Our moral nakedness
For 14 years now, Taiwan has been trying to fight international alienation and has supplicated at the gates of the United Nations, which rejects it every time with routine nonchalance.
This is a story about a country that (nearly) everyone recognizes de facto and whose existence (again, nearly) everyone denies de jure; a country that is battling a cynical world controlled by a regime of international hypocrisy, where Realpolitik defeats the values of justice and morality.
This country - most people know it as Taiwan, while the Republic of China (ROC) is its official name - has a small request: to join the family of nations. For 14 years now, it has been trying to fight international alienation and has been supplicating at the gates of the United Nations, which rejects it every time with routine nonchalance. The president of Taiwan, Chen Shui-bian, is fed up. With a flaming torch in hand, he just finished an 11-day relay race around the island. The idea: to promote a referendum to bring the country into the UN, under the name Taiwan. The background: the civil war of 1949, when Chiang Kai-shek's Nationalists were defeated by Mao Tse-tung's Reds, in the wake of which two Chinese republics were born - Mao's People's Republic and the Nationalist ROC in Taiwan, where the defeated Chiang Kai-shek had retreated. After the war, most countries recognized Taiwan as the legal government of all of China. However, in October 1971, the UN passed a resolution ejecting Chiang's representatives from the organization. The Chinese seat was transferred from Taipei to Beijing, which for most other countries became "the real China." Taiwan, which since then has undergone an impressive process of democratization and is now considered "the freest country in Asia," remains outside.
President Chen's initiative divests itself of Chiang Kai-shek's legacy and the pretensions of representing China, and rests on the dramatic development of national identity in Taiwan.
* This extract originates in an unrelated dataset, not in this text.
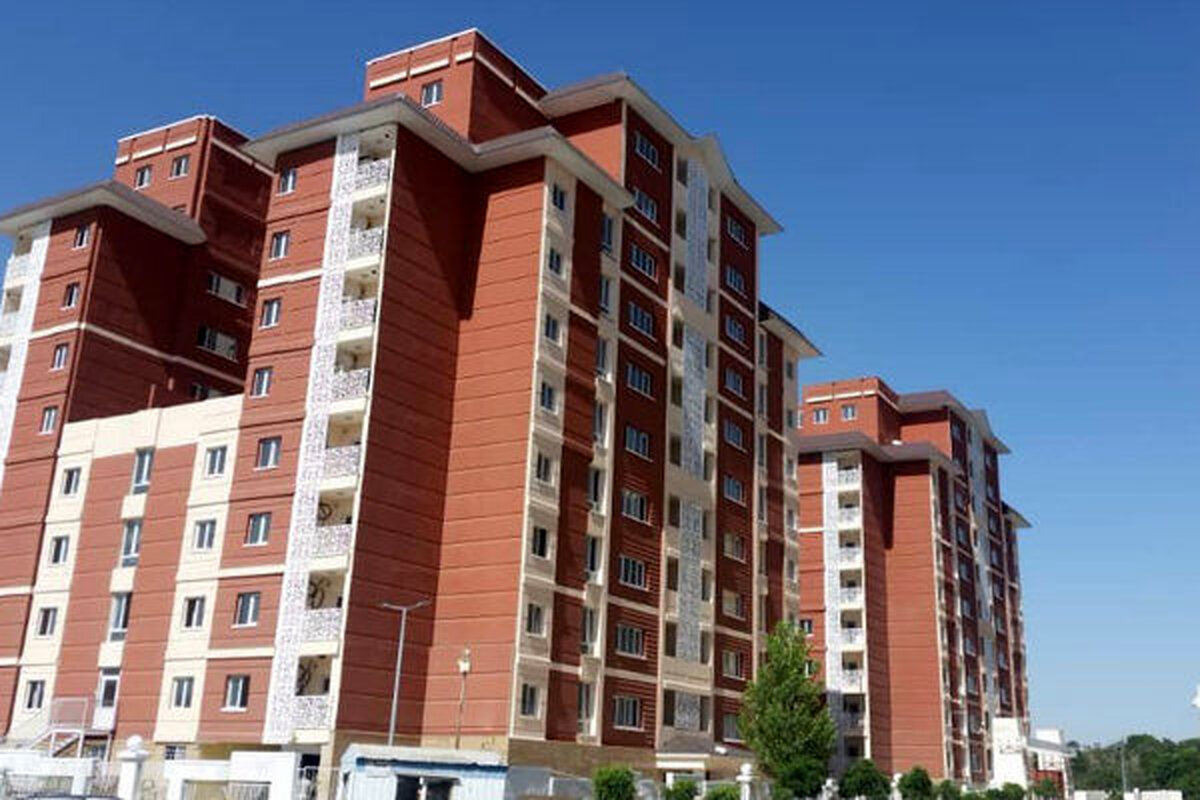 شرط جدید برای وام مستاجران+جزئیات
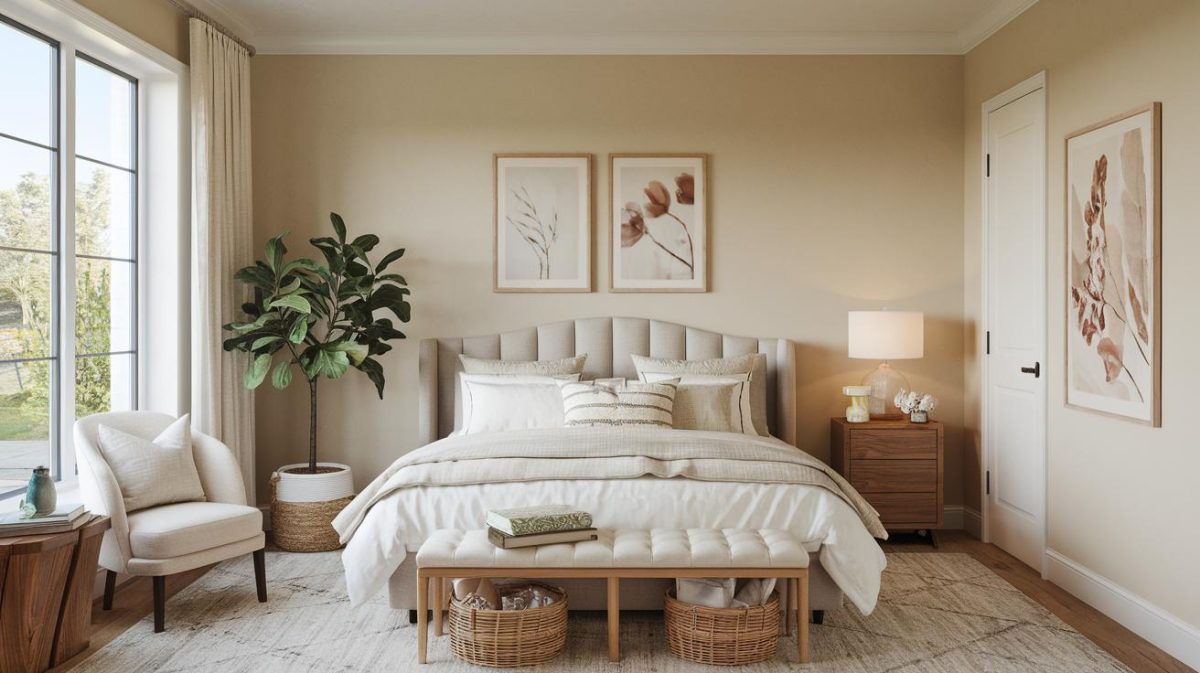 guide du sommeil : cinq astuces naturelles pour les femmes enceintes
If a decade ago more than 70 percent of the island's inhabitants defined themselves as "Chinese" and only 20 percent as "Taiwanese," current opinion polls show that now about 70 percent define themselves as "Taiwanese," and only 13 percent as "Chinese."
For Beijing, Chen's initiative is a step toward a declaration of independence by what it considers a "rebel province." In other words, a casus belli that has everyone trembling. The UN secretary general, who received Chen's official request to join, has not even bothered to send it for discussion in the Security Council, as is required. He preferred to return it to the sender. Europe, for its part, has informed Chen that his initiative is "not helpful" and is "liable to undermine stability." The administration of United States President George W. Bush, which whole-heartedly praises liberty and democracy, has declared the initiative a "mistake" and has contributed a typical "diplomatic pearl" to the discussion: "Taiwan cannot join the United Nations, as at the moment it is not a state in the international community."
And Israel? It has no choice but to go with the flow, as they say in Jerusalem. At least this is what Foreign Minister Tzipi Livni did during her visit to Beijing last week, when she praised the "shared values" of China and Israel. Some in Taipei wondered exactly what the minister was referring to - values like democracy, human rights and freedom of speech? The insult to the Taiwanese is particularly harsh in light of their identification with Israel: two small and effervescent "real democracies" engaged in their own security-existential troubles, exposed to threats from a huge external enemy and dependent on American protection and aid. Some call Taiwan "the Israel of the Pacific" and "the David of the Far East."
Chen is not naive. He knows his initiative will fail. He knows the "regional Goliath" is also a "global Goliath" and that "might makes right" turns the wheels of international diplomacy. His role boils down to showing the world its moral nakedness.